Gentoo Archives: gentoo-scm

From: "Robin H. Johnson" <robbat2@g.o>
To: gentoo-scm@l.g.o
Subject: [gentoo-scm] Progress summary, 2009/06/01
Date: Mon, 01 Jun 2009 23:46:32
Update on this TODO list, and extension for new items.
I've deliberately broken the threading so that more people read it. This
was a response to the mail with the subject of "Converting a recent CVS
copy - Item 2: statistics"

Executive summary:
- We've gone from 18.5 hours to 9 hours, all in a single portion of the
  conversion, thanks to help from upstream. There's lots more room for
- C (for git) and Python (for cvs2svn) coders very welcome to challenge
  the problems.
- Testers wanted 
- Actually forming this up to a project with a team is probably due
  soon. I've had interest/direct offers of help from: WilliamH, Calchan,
  Betelgeuse over the last week.
  If you want something, pick it from this mail, and try to flesh it out
  on the list with me while you work on it.

New TODO items:
- Finish new hooks for git: 
  upload-pack.c - get_common_commits:
  right before the 'return 0', check for and launch a new hook, passing
  the have/want headers via stdin, and use the return code (AND the
  stderr) to see if we should halt.
- Review commit signing
  - pclouds (a former Gentoo dev) contributed this prototype:
  - I'm not entirely convinced the above is right, as the commit message
	seems to end up unsigned.
  - Wait for the commit-notes patches onto upstream Git?
- Test git-cvsserver usage.
  - Both remote and local modes.
  - mips and narrow checkouts may want this.
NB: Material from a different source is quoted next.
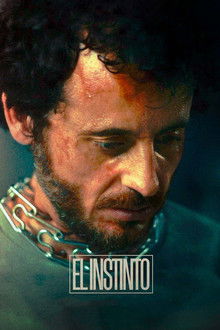 The Instinct poster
On Tue, Apr 14, 2009 at 01:33:24AM -0700, Robin H. Johnson wrote:
> TODO: > - Could somebody with Python-foo please look hard at cvs2svn with an eye to > making it multi-threaded? > - Focus on pass1 and pass9. > - pass8 maybe as well, but I think it will be harder by design.
- pass1 optimization was completed 20 minutes ago by mhagger (one of the cvs2svn upstream lead developers). From an old time of 36204 seconds, it's now only 1598 seconds (and we only used 2 CPU cores so far, we have 6 more for later). 22x speedup :-). - mhagger from upstream needed hardware to test on, so I hooked him up with access to the experimental conversion box. - TODO: pass9/pass8 remain. - Need to validate output of new mode against the previous mode.
> - We need incremental conversion stuff badly.
Incremental may become practically unneeded if we can get the conversion time under 2 hours.
> - I had to use the RCSRevisionReader, as InternalRevisionReader seemed to be > broken. Would make pass1 faster as well.
This is now completely unneeded. The pass1 solution integrated the rcsparse code into the new
> - Should probably ignore the '.frozen' files.
No support to exclude files presently. TODO: Implement inside def _generate_cvs_files
> - Review RCS state of ALL ,v files. There are a few non-dead files in Attic.
Thanks to William Hubbs (williamh) for his review. I've got a few more items to process from this review.
> - Maybe trim out the Manifest/digest contents during the conversion, leaving > only DIST lines? > Con: _WOULD_ break old GPG signatures. > Pro: probably help size a lot.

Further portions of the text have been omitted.